● TASK BRIEF:
The entries below contain a stretch that opens with the line containing "Hundeauslaufgebiet-Elfrather See-Bild" and closes with the line containing "Wisconsin Mint for Indirect Light Wisconsin"; set down that stretch exactly, both ends included, and nothing else.
(Beginning of EXCERPTED DATA)
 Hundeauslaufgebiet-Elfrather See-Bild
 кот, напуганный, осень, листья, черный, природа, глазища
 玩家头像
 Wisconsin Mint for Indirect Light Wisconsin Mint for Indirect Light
(End of EXCERPTED DATA)
(Beginning of EXCERPTED DATA)
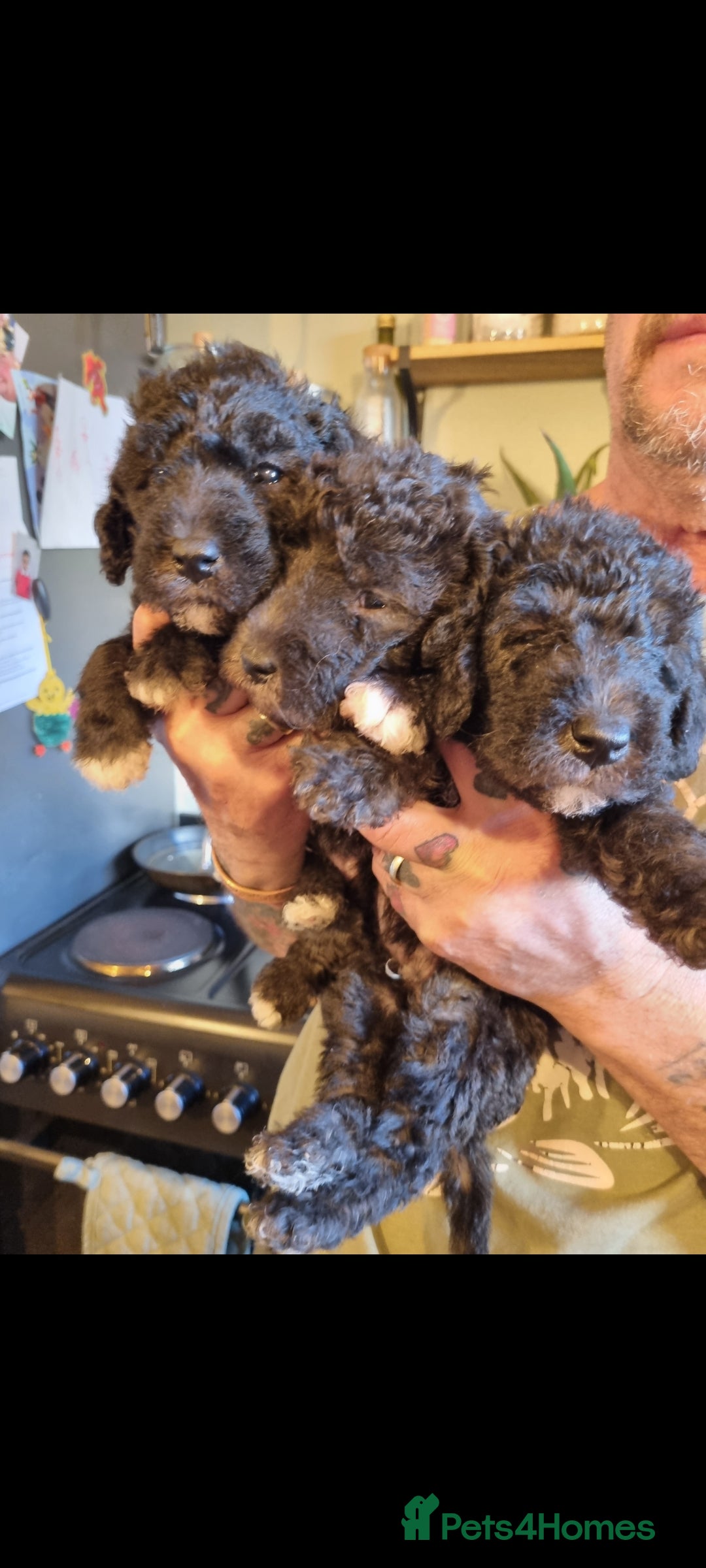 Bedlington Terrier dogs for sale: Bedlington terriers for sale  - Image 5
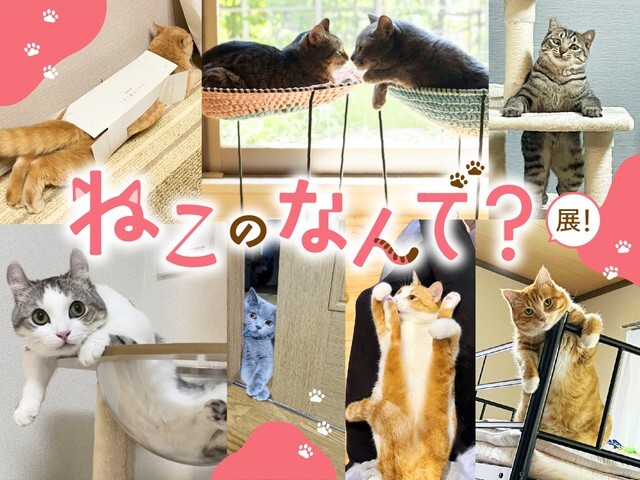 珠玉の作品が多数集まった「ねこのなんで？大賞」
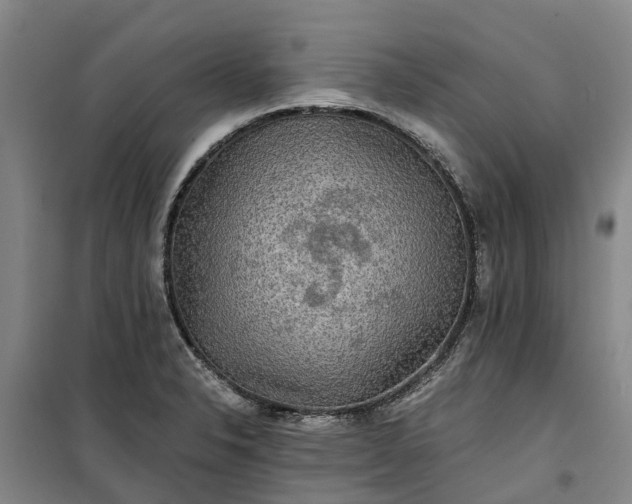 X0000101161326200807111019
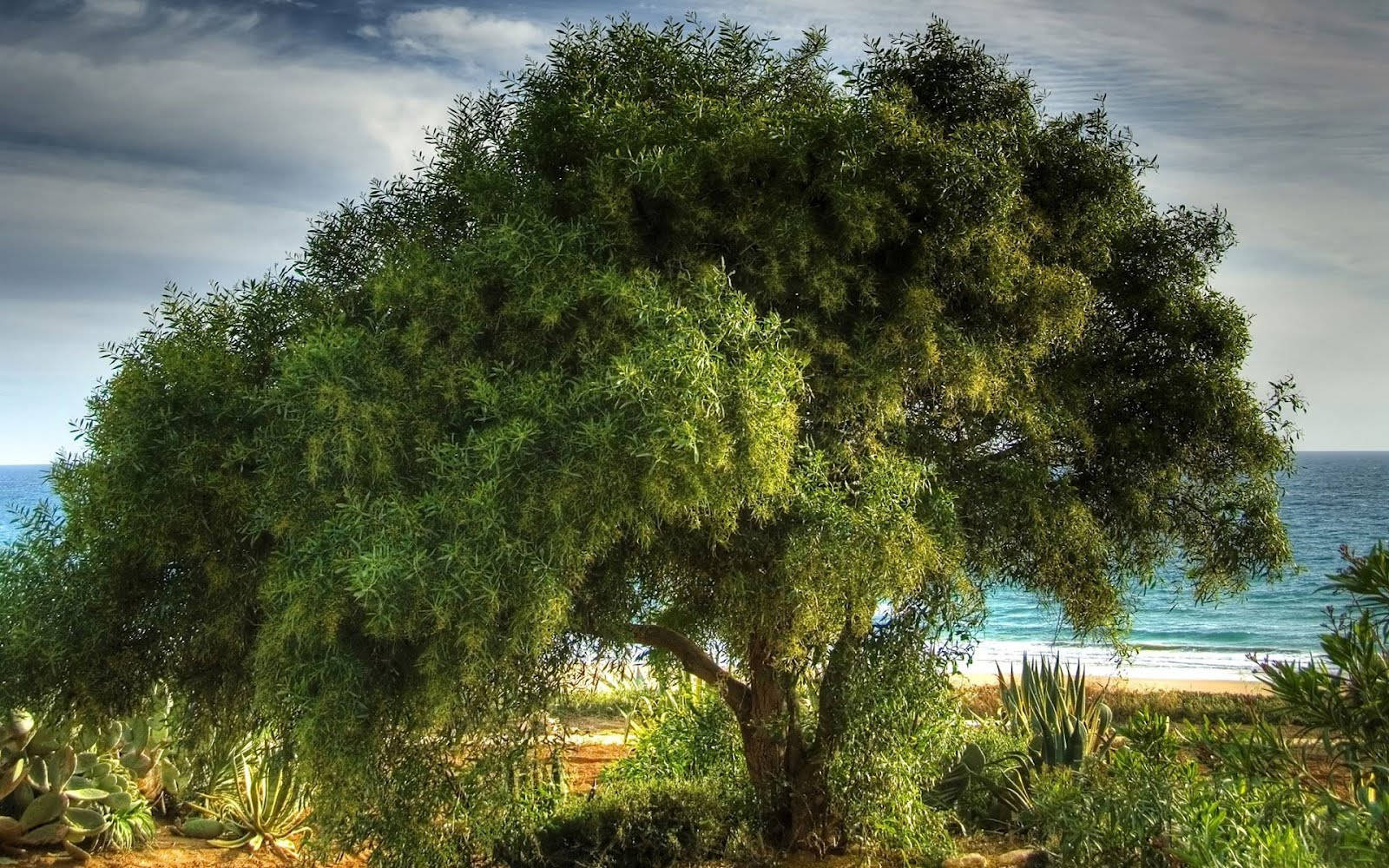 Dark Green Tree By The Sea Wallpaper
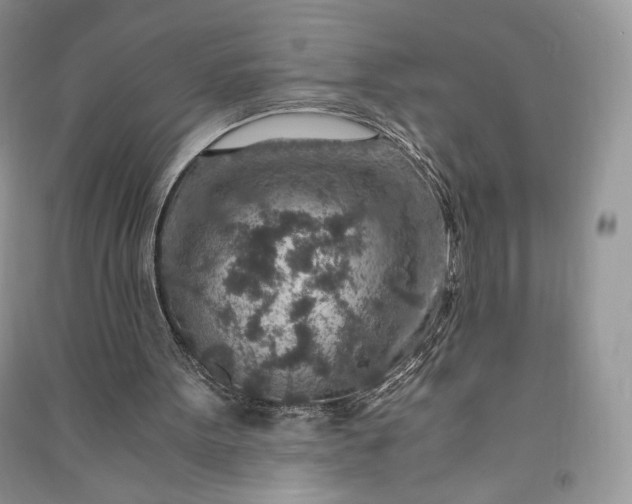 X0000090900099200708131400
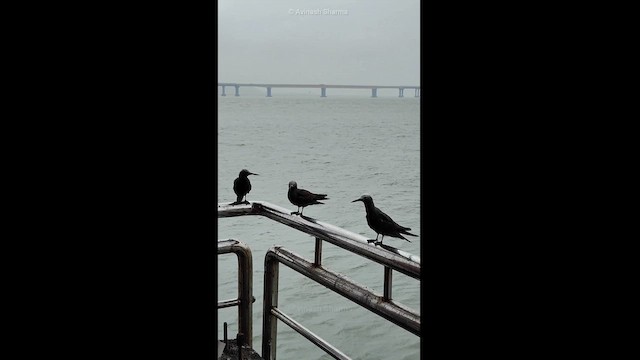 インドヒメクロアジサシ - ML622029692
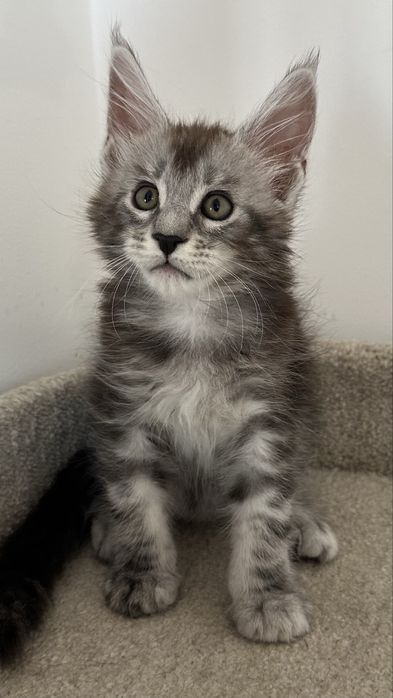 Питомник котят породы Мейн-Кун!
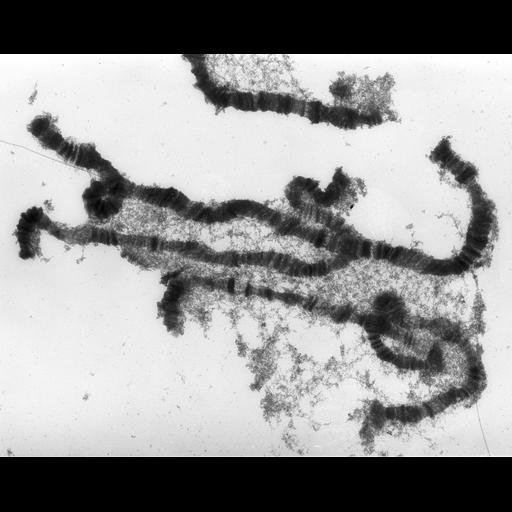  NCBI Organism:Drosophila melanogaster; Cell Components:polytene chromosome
(End of EXCERPTED DATA)
● ANSWER SECTION:
 Hundeauslaufgebiet-Elfrather See-Bild
 кот, напуганный, осень, листья, черный, природа, глазища
 玩家头像
 Wisconsin Mint for Indirect Light Wisconsin Mint for Indirect Light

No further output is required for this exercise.